Only an exact repetition of the lines from the one holding "We'll first go" to the end of the data is wanted, with pictures left out.

Saved entries:
Segment Open
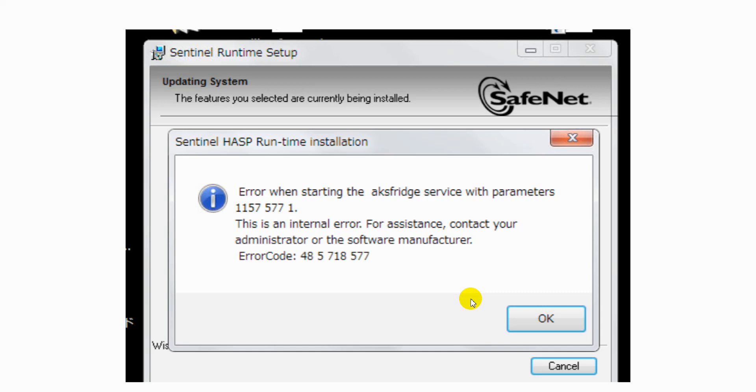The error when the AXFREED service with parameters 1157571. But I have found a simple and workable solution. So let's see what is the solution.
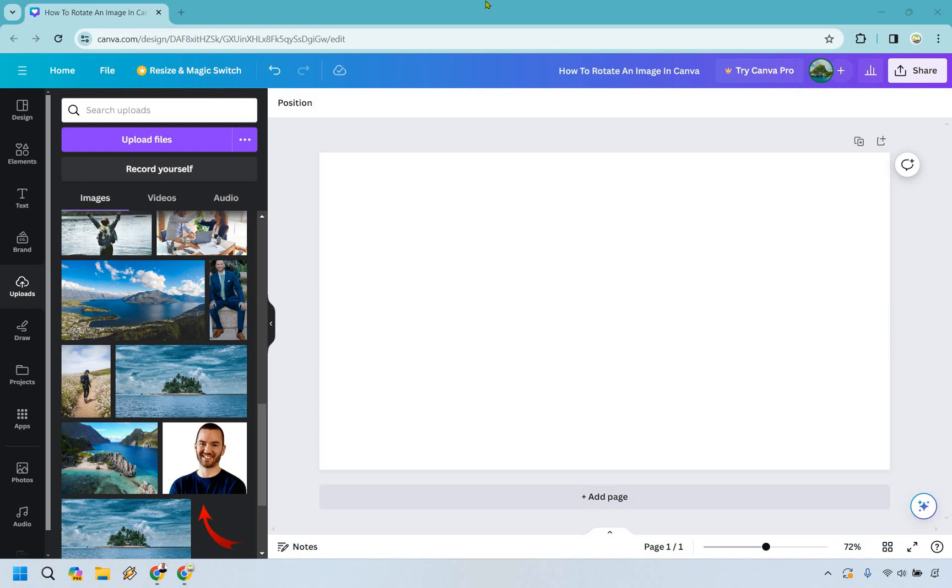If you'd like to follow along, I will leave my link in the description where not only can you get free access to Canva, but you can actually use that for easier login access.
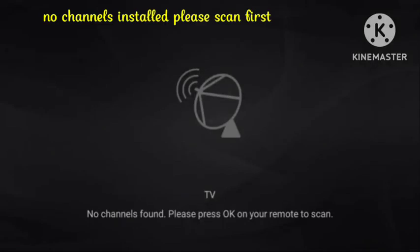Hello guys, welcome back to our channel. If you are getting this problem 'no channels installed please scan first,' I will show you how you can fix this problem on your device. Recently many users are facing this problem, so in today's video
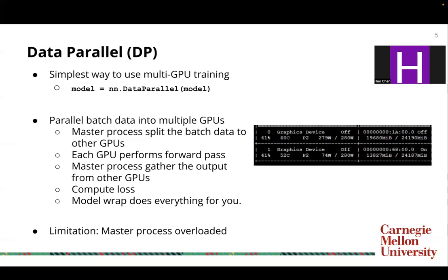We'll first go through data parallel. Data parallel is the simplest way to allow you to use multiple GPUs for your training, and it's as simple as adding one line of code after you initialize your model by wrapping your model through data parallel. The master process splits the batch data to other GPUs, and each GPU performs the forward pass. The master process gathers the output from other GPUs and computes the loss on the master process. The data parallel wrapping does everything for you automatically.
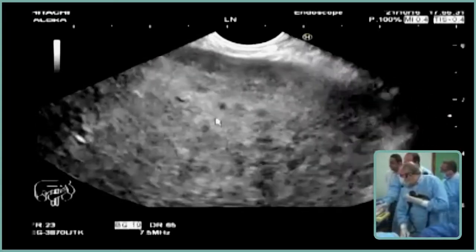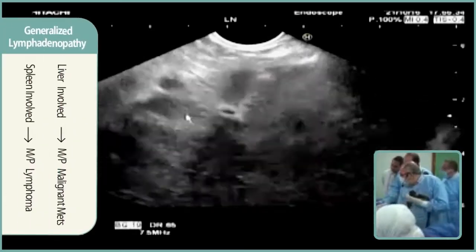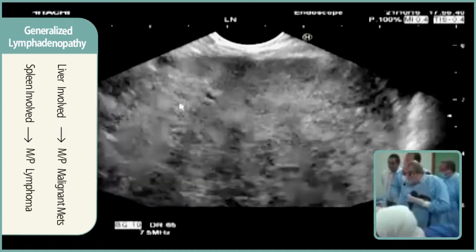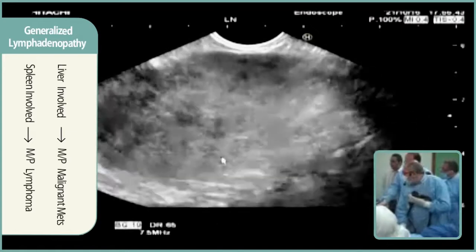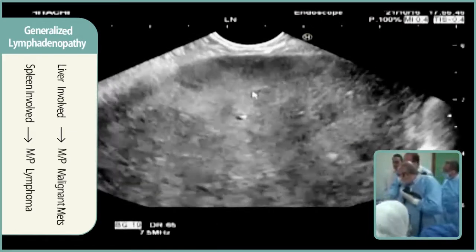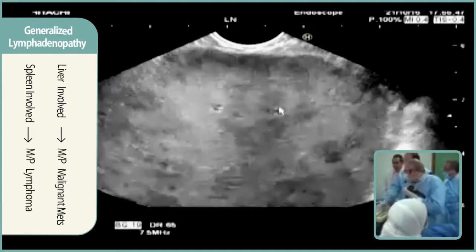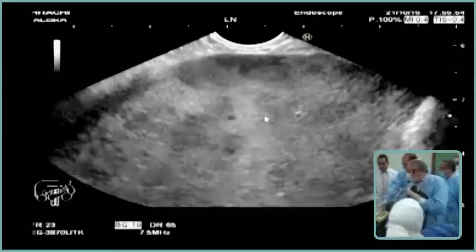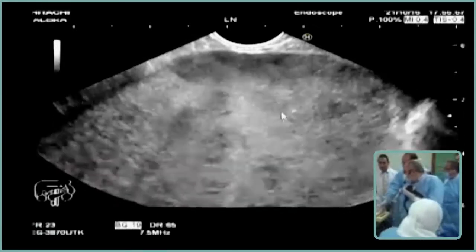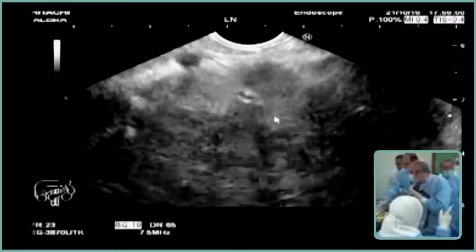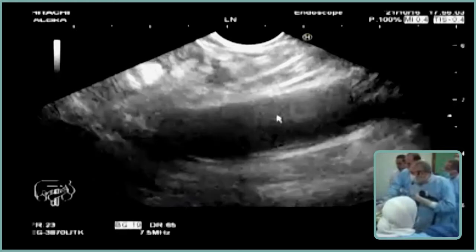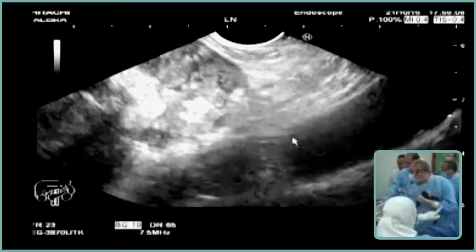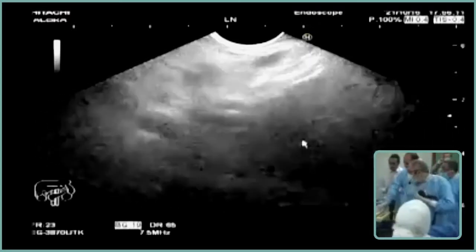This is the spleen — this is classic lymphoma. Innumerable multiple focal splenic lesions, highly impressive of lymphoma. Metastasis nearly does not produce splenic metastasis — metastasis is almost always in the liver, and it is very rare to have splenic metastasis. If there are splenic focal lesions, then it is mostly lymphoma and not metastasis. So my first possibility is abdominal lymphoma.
Segment Closed
[Answer space]
We'll first go through data parallel. Data parallel is the simplest way to allow you to use multiple GPUs for your training, and it's as simple as adding one line of code after you initialize your model by wrapping your model through data parallel. The master process splits the batch data to other GPUs, and each GPU performs the forward pass. The master process gathers the output from other GPUs and computes the loss on the master process. The data parallel wrapping does everything for you automatically.
This is the spleen — this is classic lymphoma. Innumerable multiple focal splenic lesions, highly impressive of lymphoma. Metastasis nearly does not produce splenic metastasis — metastasis is almost always in the liver, and it is very rare to have splenic metastasis. If there are splenic focal lesions, then it is mostly lymphoma and not metastasis. So my first possibility is abdominal lymphoma.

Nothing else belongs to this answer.